■ Task brief:
Although the entries contain pictures, your copy should hold only their exact text.

[[ Records open ]]

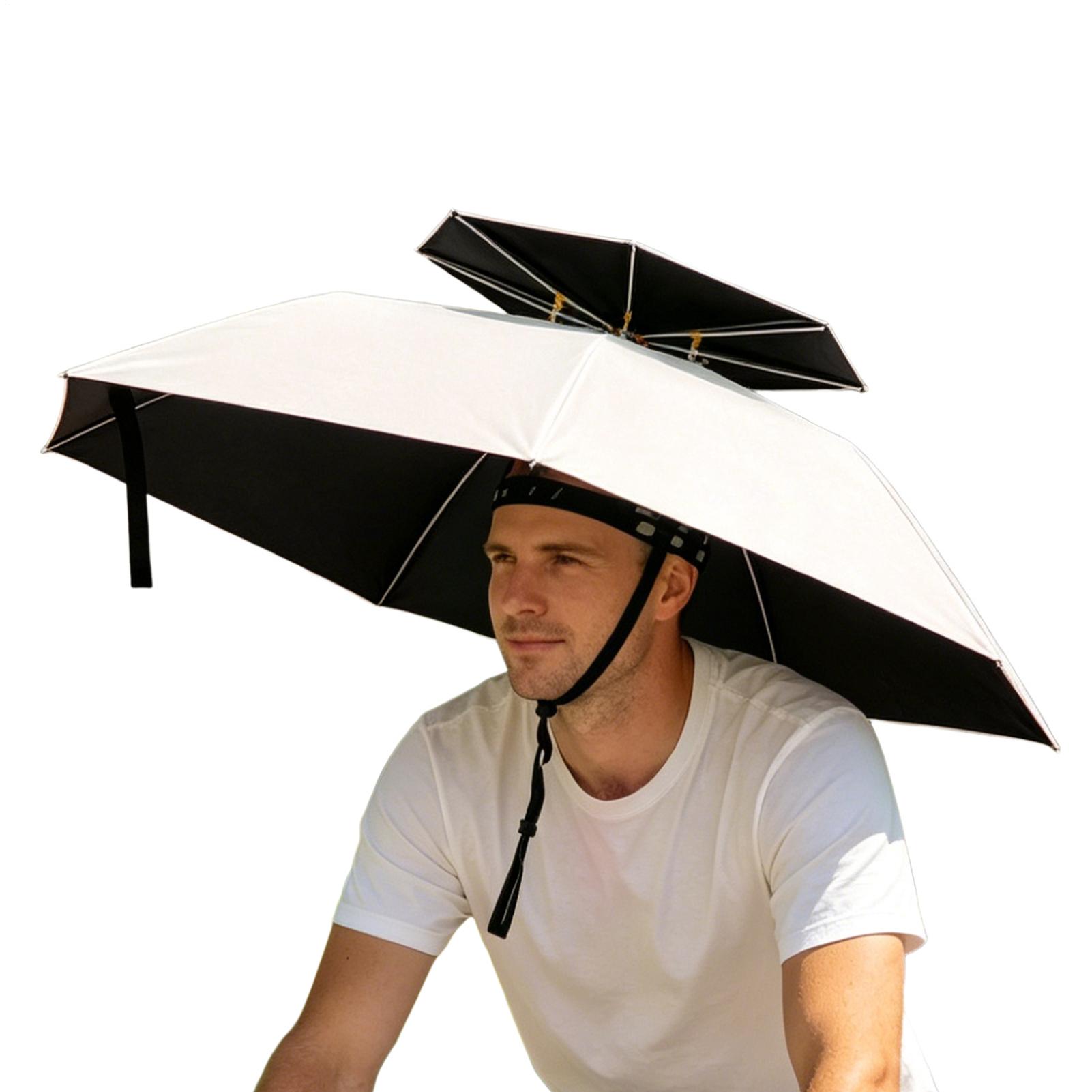 Foldable Head Mount Umbrella H - Outdoor Adventure Hat review and price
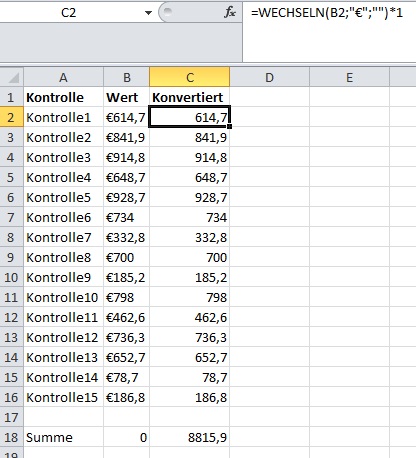 Die symbolische Bedeutung des Eurozeichens in Word-Tabellen für Deutschland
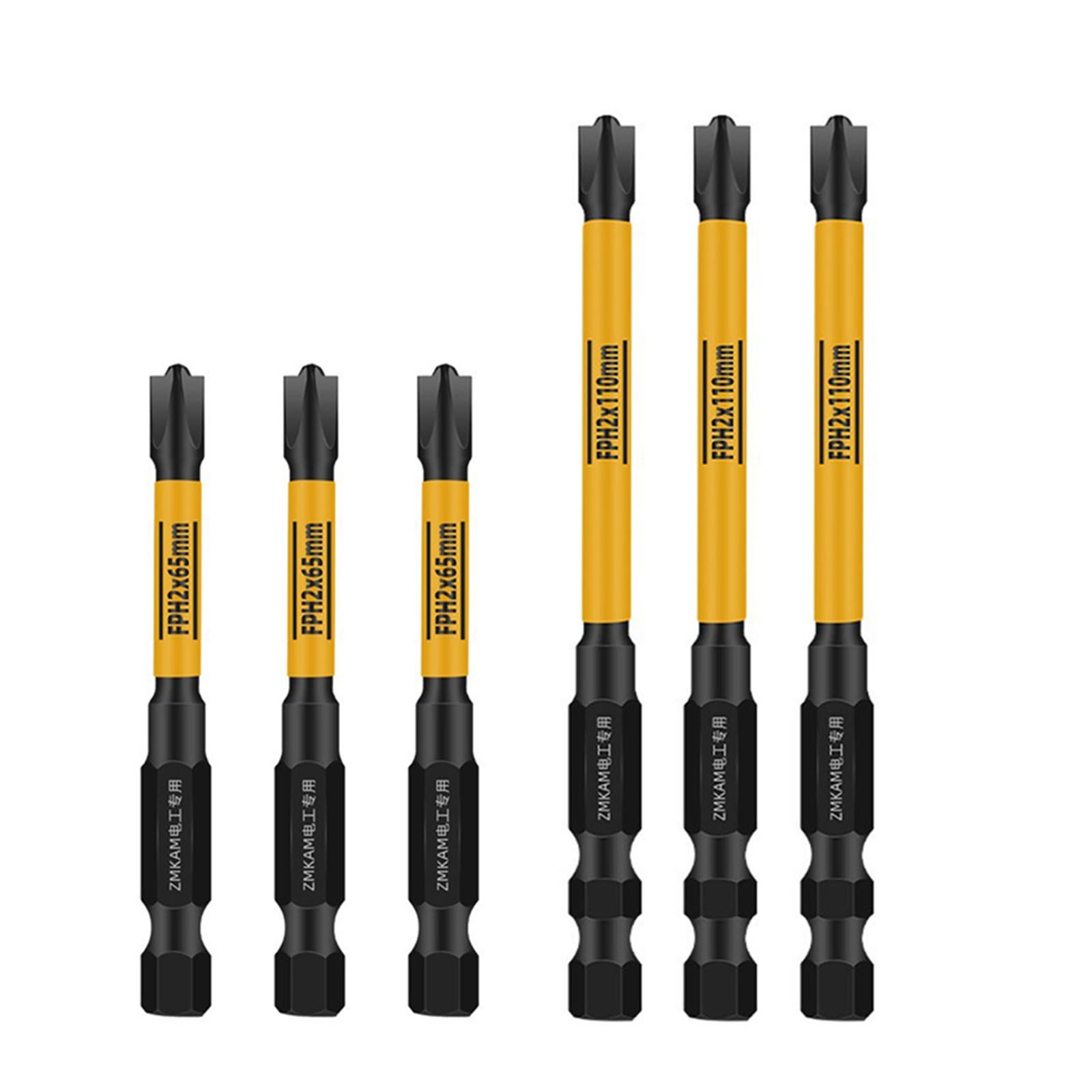 Anti Slip Magnetic Electrician Screwdriver Bit Set with FPH2 FPH2 65 110 150mm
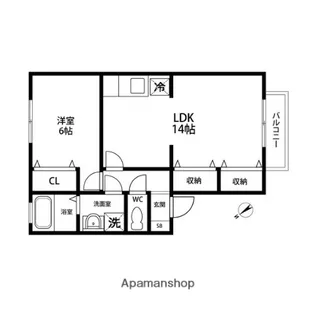 コーポみずほ台【203号室】の間取り
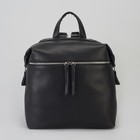 Рюкзак молодёжный, отдел на молнии, цвет чёрный - Фото 2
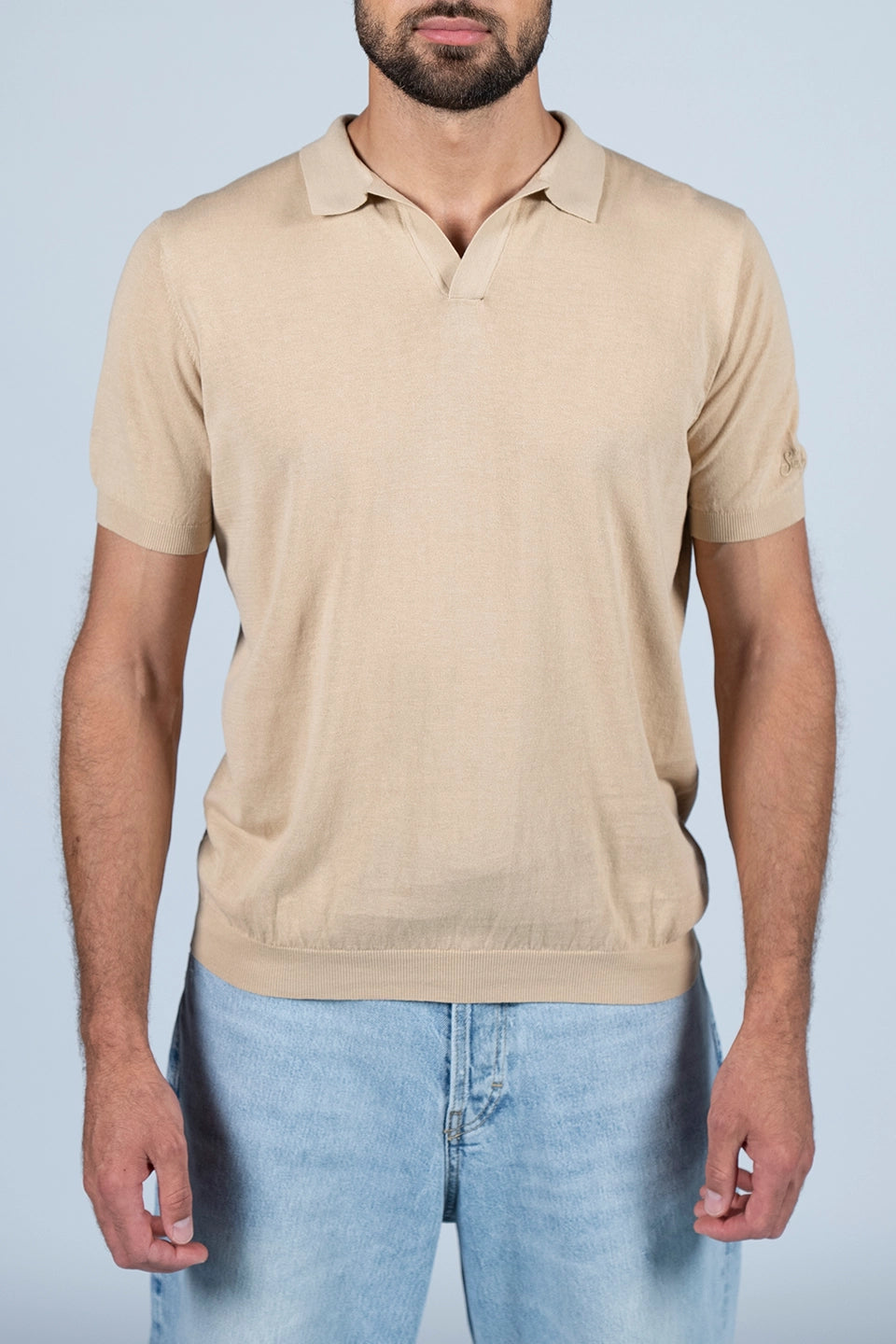 Shop online trendy Beige Men T-shirts from MC2 Saint Barth Fashion designer. Product gallery 1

[[ Records closed ]]

■ Result for this exercise:
 Foldable Head Mount Umbrella H - Outdoor Adventure Hat review and price
 Die symbolische Bedeutung des Eurozeichens in Word-Tabellen für Deutschland
 Anti Slip Magnetic Electrician Screwdriver Bit Set with FPH2 FPH2 65 110 150mm
 コーポみずほ台【203号室】の間取り
 Рюкзак молодёжный, отдел на молнии, цвет чёрный - Фото 2
 Shop online trendy Beige Men T-shirts from MC2 Saint Barth Fashion designer. Product gallery 1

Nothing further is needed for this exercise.